Broken type variable scoping

[jstolarek]

Consider this program:

let (f : forall a b. a -> b -> b) =
  let (g : forall b. a -> b -> b) = \(y:a).\z.z in id ~g
in f

There are two problems:

1. It hits an assertion in SolverLo (assert (G.all_generic_vars_bound s)) because it doesn't recognise that variable a in the signature of g is bound.
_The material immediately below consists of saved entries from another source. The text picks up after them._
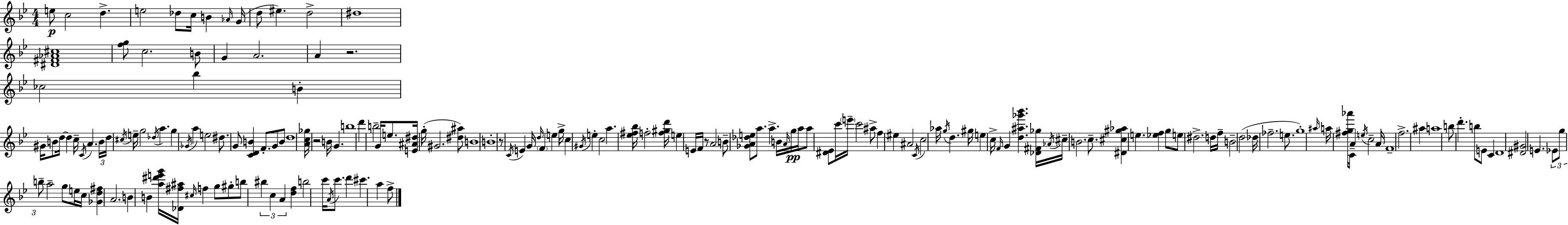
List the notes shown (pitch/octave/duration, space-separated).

E5/e C5/h D5/q. E5/h Db5/e C5/s B4/q Ab4/s G4/s D5/e EIS5/q. D5/h D#5/w [D#4,F#4,Ab4,C#5]/w [F5,G5]/e C5/h. B4/e G4/q A4/h. A4/q R/h. CES5/h Bb5/q B4/q G#4/s B4/e D5/s D5/q C5/s C4/s A4/q. B4/s D5/s C#5/s E5/s G5/h Db5/s A5/q. G5/q Gb4/s A5/q E5/h D#5/e. G4/e [C4,D4,B4]/q F4/e. G4/e B4/e D5/w [A4,C5,Gb5]/s R/h B4/s G4/q. B5/w D6/q B5/h G4/s E5/e. [E4,A#4,D#5]/s G5/s G#4/h. [D#5,A#5]/e B4/w B4/w R/e C4/s E4/q G4/s D5/s F4/q E5/q G5/s C5/q G#4/s E5/q C5/h A5/q. [Eb5,F#5,Bb5]/s F5/h [F5,G#5,D6]/s E5/q E4/s F4/s R/e A4/h B4/e [Gb4,A4,Db5,E5]/e A5/e. A5/q. B4/s A4/s G5/s A5/s A5/e [D#4,Eb4]/e C6/s E6/s C6/h A#5/e F5/q EIS5/q A#4/h C4/s C5/h Ab5/s G5/s D5/q. G#5/s E5/q C5/s F4/s G4/q [D5,A#5,Gb6,Bb6]/q. [Db4,F#4,Gb5]/s Ab4/s C#5/s B4/h. C5/e. [D#4,C#5,G#5,Ab5]/q E5/q. [Eb5,F5]/q G5/e E5/e D#5/h. D5/s F5/s B4/h D5/h Db5/s FES5/h. E5/e. G5/w A#5/s A5/s [F#5,G5,Ab6]/s C4/s A4/q E5/s C5/h A4/s F4/w F5/h. A#5/q A5/w B5/e D6/q. B5/e E4/e C4/q D4/w [D#4,G#4]/h E4/q. Eb4/e G5/e B5/e A5/h G5/e E5/s C5/s [Gb4,D5,F#5]/q A4/h. B4/q B4/q [A5,D#6,E6,G6]/s [Db4,F#5,A#5]/s C#5/s F5/q G5/e G#5/e B5/e BIS5/q C5/q A4/q [D5,F5]/q B5/h C6/s A4/s C6/e. D6/q C#6/q. A5/q F5/e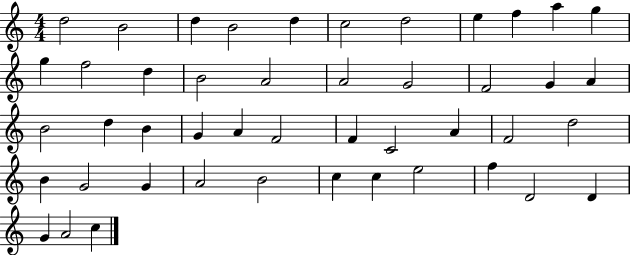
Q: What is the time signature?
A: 4/4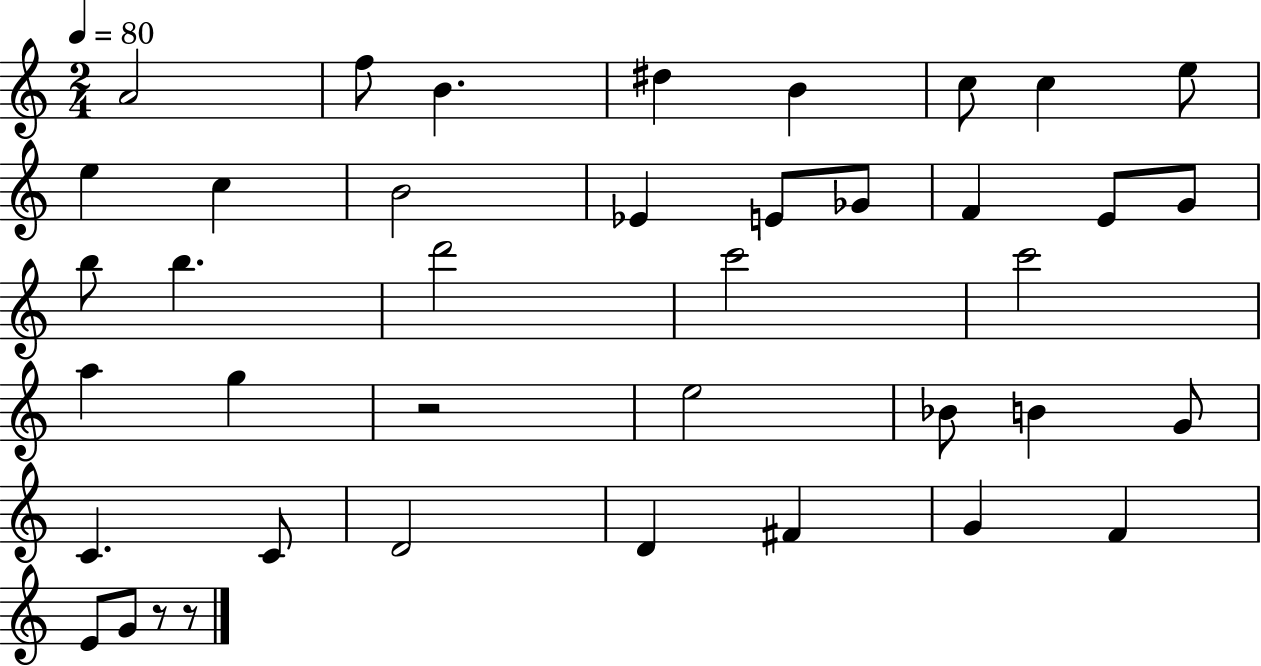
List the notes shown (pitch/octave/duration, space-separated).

A4/h F5/e B4/q. D#5/q B4/q C5/e C5/q E5/e E5/q C5/q B4/h Eb4/q E4/e Gb4/e F4/q E4/e G4/e B5/e B5/q. D6/h C6/h C6/h A5/q G5/q R/h E5/h Bb4/e B4/q G4/e C4/q. C4/e D4/h D4/q F#4/q G4/q F4/q E4/e G4/e R/e R/e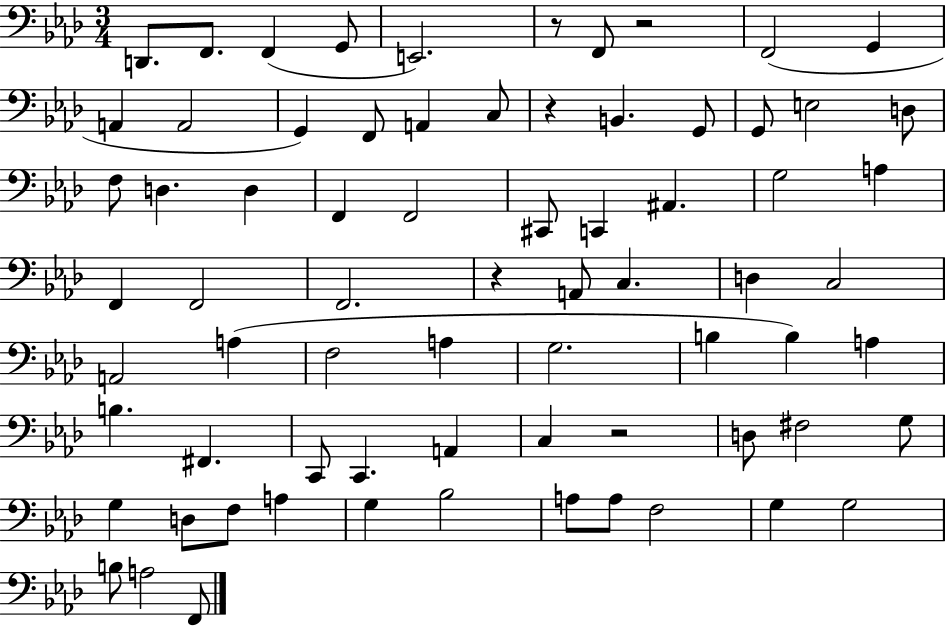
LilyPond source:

{
  \clef bass
  \numericTimeSignature
  \time 3/4
  \key aes \major
  d,8. f,8. f,4( g,8 | e,2.) | r8 f,8 r2 | f,2( g,4 | \break a,4 a,2 | g,4) f,8 a,4 c8 | r4 b,4. g,8 | g,8 e2 d8 | \break f8 d4. d4 | f,4 f,2 | cis,8 c,4 ais,4. | g2 a4 | \break f,4 f,2 | f,2. | r4 a,8 c4. | d4 c2 | \break a,2 a4( | f2 a4 | g2. | b4 b4) a4 | \break b4. fis,4. | c,8 c,4. a,4 | c4 r2 | d8 fis2 g8 | \break g4 d8 f8 a4 | g4 bes2 | a8 a8 f2 | g4 g2 | \break b8 a2 f,8 | \bar "|."
}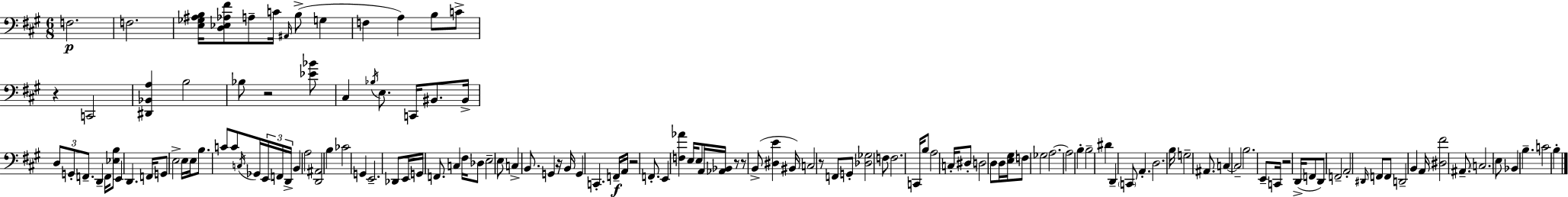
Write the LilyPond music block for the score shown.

{
  \clef bass
  \numericTimeSignature
  \time 6/8
  \key a \major
  f2.\p | f2. | <e ges ais b>16 <d ees aes fis'>8 a8-- c'16 \grace { ais,16 } b8->( g4 | f4 a4) b8 c'8-> | \break r4 c,2 | <dis, bes, a>4 b2 | bes8 r2 <ees' bes'>8 | cis4 \acciaccatura { bes16 } e8. c,16 bis,8. | \break bis,16-> \tuplet 3/2 { d8 g,8-. f,8.-- } d,4-- | f,16 <ees b>8 e,4 d,4. | f,16 g,8 e2-> | e16 e16 b8. c'8 c'8 \acciaccatura { c16 } ges,16 | \break \tuplet 3/2 { e,16 f,16 d,16-> } b,4 a2 | <d, ais,>2 b4 | ces'2 g,4 | e,2.-- | \break des,8 e,16 g,16 f,8. c4 | fis16 des8 e2-- | e8 c4-> b,8. g,4 | r16 b,16 g,4 c,4.-. | \break f,16--\f a,16 r2 | f,8.-. e,4 <f aes'>4 e16 | e8 a,16 <aes, bes,>16 r8 r8 b,8->( <dis e'>4 | bis,16) c2 r8 | \break f,8 g,8-. <des ges>2 | f8 f2. | c,16 b8 a2 | c16-. dis8-. d2 | \break d8 d16 <e gis>16 f8 ges2 | a2.~~ | a2 b4-. | b2-- dis'4 | \break d,4-- \parenthesize c,8 a,4.-. | d2. | b16 g2-- | ais,8. c4~~ c2-- | \break b2. | e,8-- c,16 r2 | d,16->( f,8 d,8) f,2-- | a,2-. \grace { dis,16 } | \break f,8 f,8 d,2-- | b,4 a,16 <dis fis'>2 | ais,8.-- \parenthesize c2. | e8 bes,4 b4.-- | \break c'2 | b4-. \bar "|."
}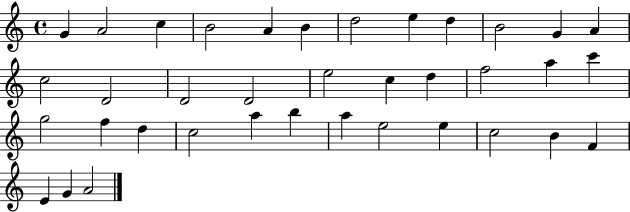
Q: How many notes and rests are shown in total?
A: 37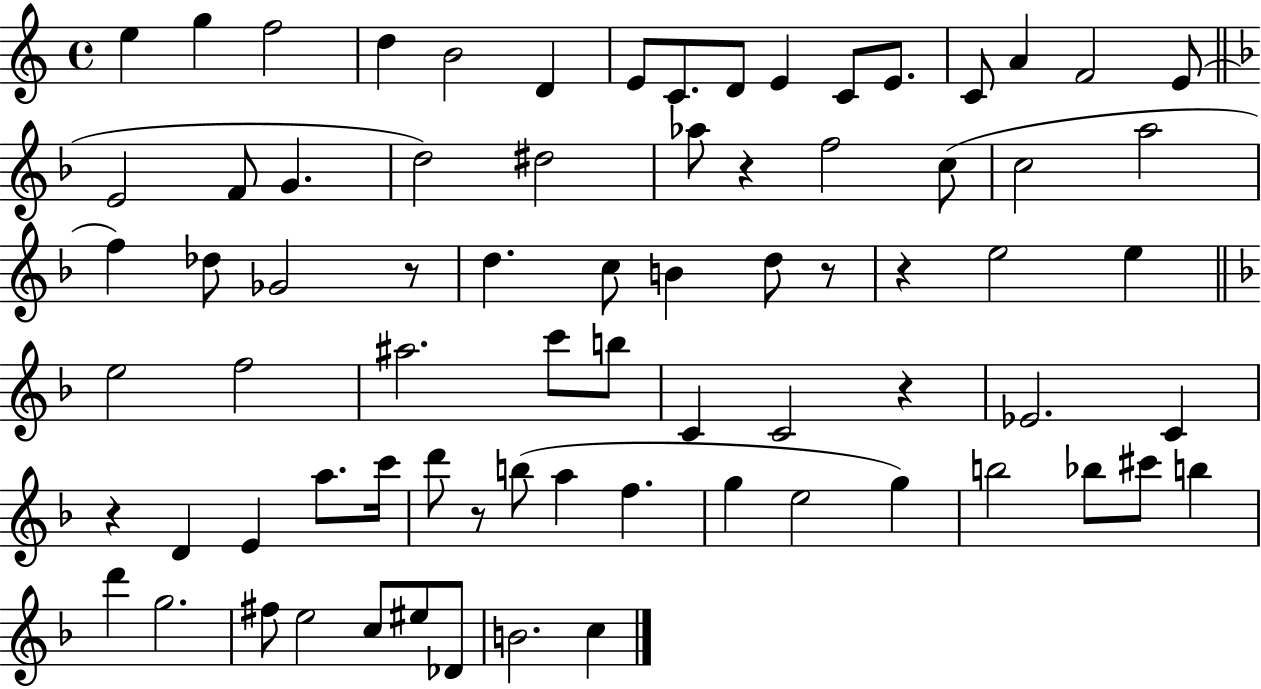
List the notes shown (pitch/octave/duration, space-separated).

E5/q G5/q F5/h D5/q B4/h D4/q E4/e C4/e. D4/e E4/q C4/e E4/e. C4/e A4/q F4/h E4/e E4/h F4/e G4/q. D5/h D#5/h Ab5/e R/q F5/h C5/e C5/h A5/h F5/q Db5/e Gb4/h R/e D5/q. C5/e B4/q D5/e R/e R/q E5/h E5/q E5/h F5/h A#5/h. C6/e B5/e C4/q C4/h R/q Eb4/h. C4/q R/q D4/q E4/q A5/e. C6/s D6/e R/e B5/e A5/q F5/q. G5/q E5/h G5/q B5/h Bb5/e C#6/e B5/q D6/q G5/h. F#5/e E5/h C5/e EIS5/e Db4/e B4/h. C5/q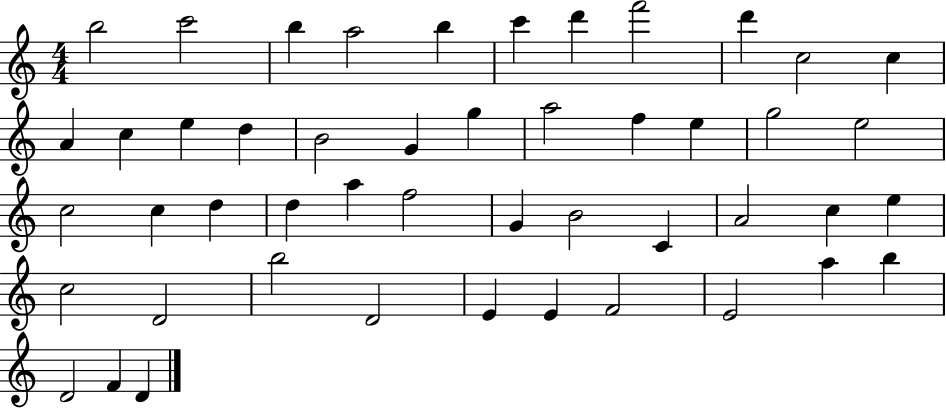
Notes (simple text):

B5/h C6/h B5/q A5/h B5/q C6/q D6/q F6/h D6/q C5/h C5/q A4/q C5/q E5/q D5/q B4/h G4/q G5/q A5/h F5/q E5/q G5/h E5/h C5/h C5/q D5/q D5/q A5/q F5/h G4/q B4/h C4/q A4/h C5/q E5/q C5/h D4/h B5/h D4/h E4/q E4/q F4/h E4/h A5/q B5/q D4/h F4/q D4/q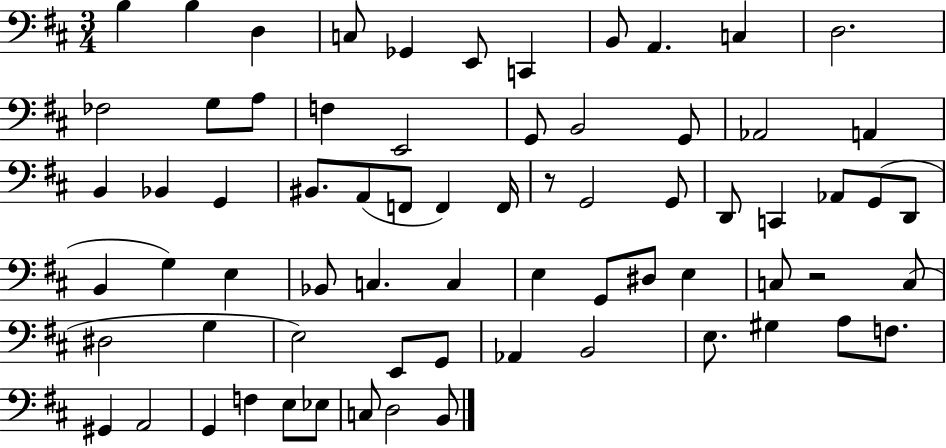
X:1
T:Untitled
M:3/4
L:1/4
K:D
B, B, D, C,/2 _G,, E,,/2 C,, B,,/2 A,, C, D,2 _F,2 G,/2 A,/2 F, E,,2 G,,/2 B,,2 G,,/2 _A,,2 A,, B,, _B,, G,, ^B,,/2 A,,/2 F,,/2 F,, F,,/4 z/2 G,,2 G,,/2 D,,/2 C,, _A,,/2 G,,/2 D,,/2 B,, G, E, _B,,/2 C, C, E, G,,/2 ^D,/2 E, C,/2 z2 C,/2 ^D,2 G, E,2 E,,/2 G,,/2 _A,, B,,2 E,/2 ^G, A,/2 F,/2 ^G,, A,,2 G,, F, E,/2 _E,/2 C,/2 D,2 B,,/2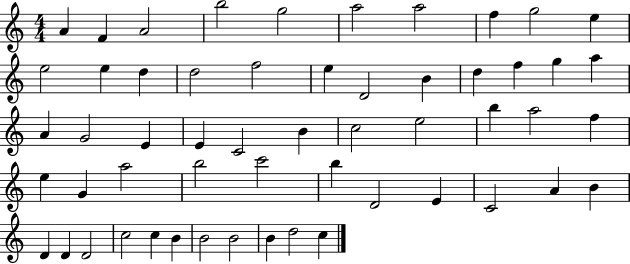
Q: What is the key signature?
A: C major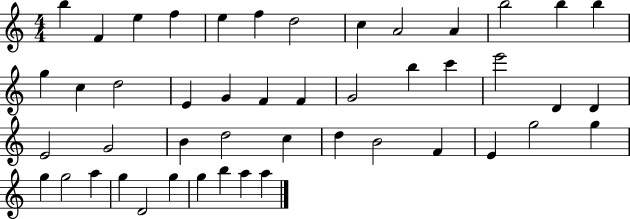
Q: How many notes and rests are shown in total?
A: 47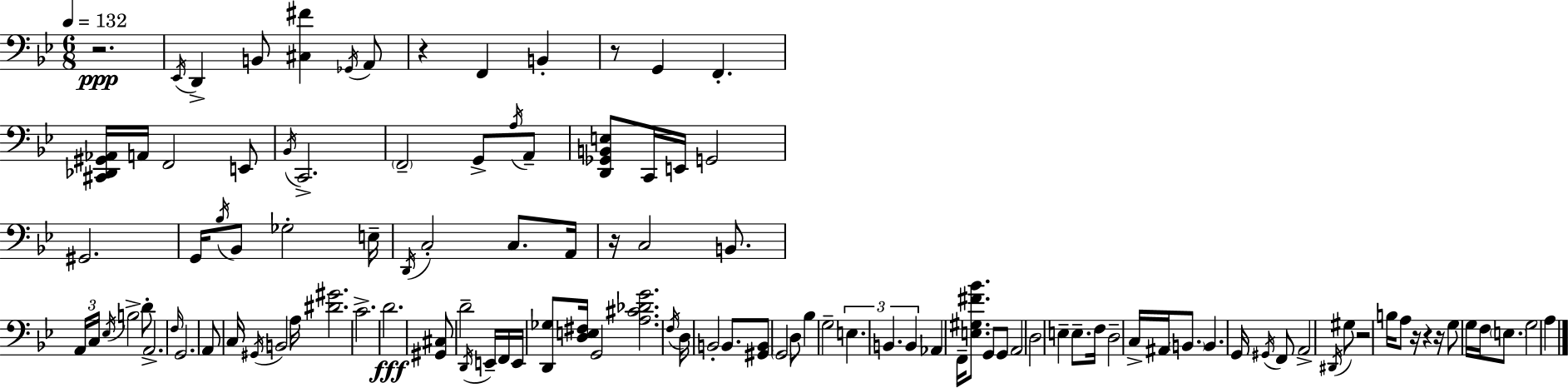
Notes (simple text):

R/h. Eb2/s D2/q B2/e [C#3,F#4]/q Gb2/s A2/e R/q F2/q B2/q R/e G2/q F2/q. [C#2,Db2,G#2,Ab2]/s A2/s F2/h E2/e Bb2/s C2/h. F2/h G2/e A3/s A2/e [D2,Gb2,B2,E3]/e C2/s E2/s G2/h G#2/h. G2/s Bb3/s Bb2/e Gb3/h E3/s D2/s C3/h C3/e. A2/s R/s C3/h B2/e. A2/s C3/s Eb3/s B3/h D4/e A2/h. F3/s G2/h. A2/e C3/s G#2/s B2/h A3/s [D#4,G#4]/h. C4/h. D4/h. [G#2,C#3]/e D4/h D2/s E2/s F2/s E2/s [D2,Gb3]/e [D3,E3,F#3]/s G2/h [A3,C#4,Db4,G4]/h. F3/s D3/s B2/h B2/e. [G#2,B2]/e G2/h D3/e Bb3/q G3/h E3/q. B2/q. B2/q Ab2/q F2/s [E3,G#3,F#4,Bb4]/e. G2/e G2/e A2/h D3/h E3/q E3/e. F3/s D3/h C3/s A#2/s B2/e. B2/q. G2/s G#2/s F2/e A2/h D#2/s G#3/e R/h B3/s A3/e R/s R/q R/s G3/e G3/s F3/s E3/e. G3/h A3/q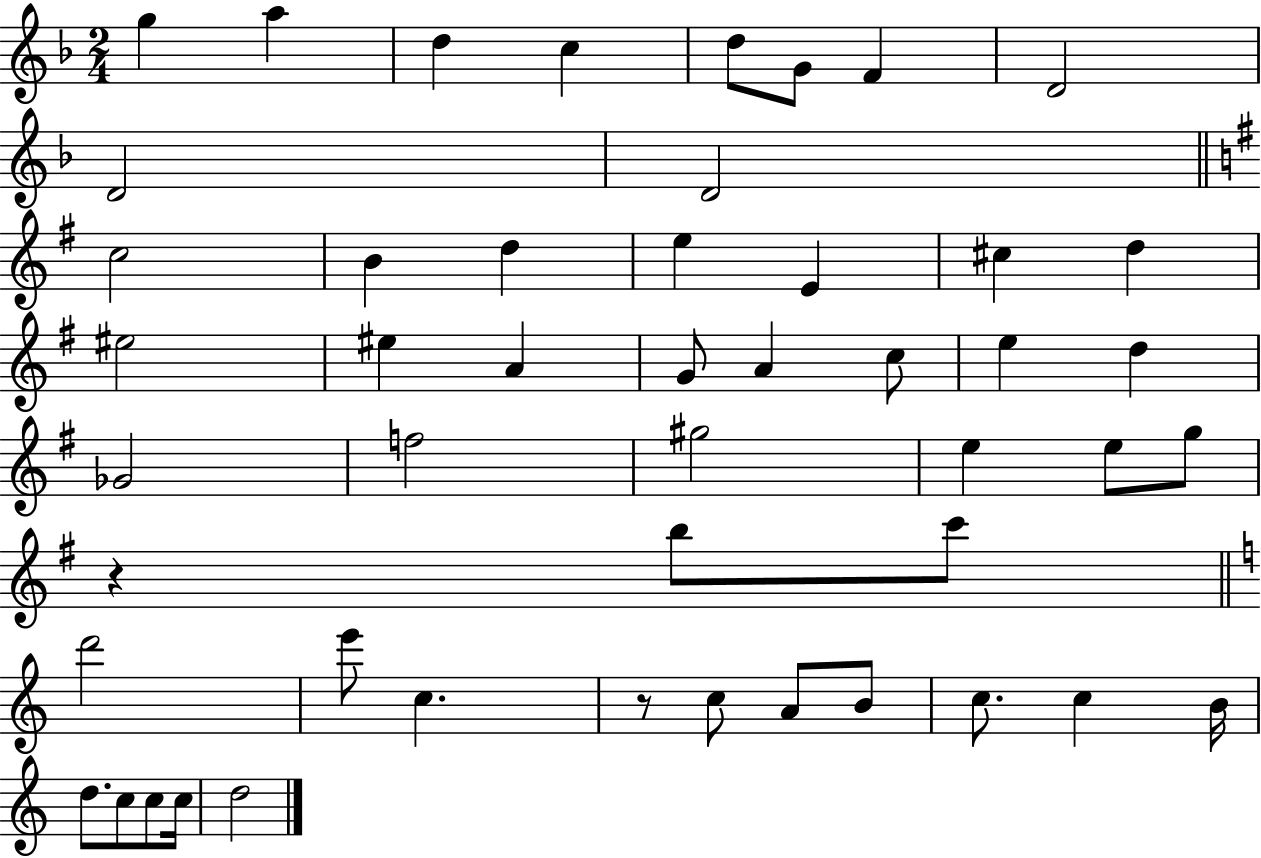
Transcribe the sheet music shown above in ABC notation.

X:1
T:Untitled
M:2/4
L:1/4
K:F
g a d c d/2 G/2 F D2 D2 D2 c2 B d e E ^c d ^e2 ^e A G/2 A c/2 e d _G2 f2 ^g2 e e/2 g/2 z b/2 c'/2 d'2 e'/2 c z/2 c/2 A/2 B/2 c/2 c B/4 d/2 c/2 c/2 c/4 d2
Possibly related to #28. My email to @frank-emrich from 22/01/2021, 12:50 has some additional explanation of how scoping in type signatures currently works.
2. After commenting out that assertion it generates an incorrect System F term:

Pretty-printing the System F term...
  Λ33. Λ32. let id = Λ26. λ(x : 26). x in
  let f = Λ1. Λ2. let g = Λ2. λ(y : 1). λ(z : 2). z in
  id [∀ [2]. 1 → 2 → 2] g in
  f [32] [33]
Converting the System F term to de Bruijn style...
Type-checking the System F term...
Expected type does not match actual type!
Expected:
  ∀(). ∀(). (1 → 0) → 0
Actual:
  ∀(). ∀(). ∀(). 1 → 0 → 0

I believe the Λ2 abstraction on f is unnecessary.

[frank-emrich]

Note that according to our discussion, this example shouldn't type-check. The only system in which this example may type-check is "pure FreezeML", a system briefly mentioned in the PLDI paper. This would be a variant of FreezeML that does not obey the value restriction, but has some complicated (we never stated how exactly) behavior regarding type variable scoping. In particular, this "pure FreezeML" is different from the much simpler variant of FreezeML without the VR that we presented in the Explicit FreezeML paper.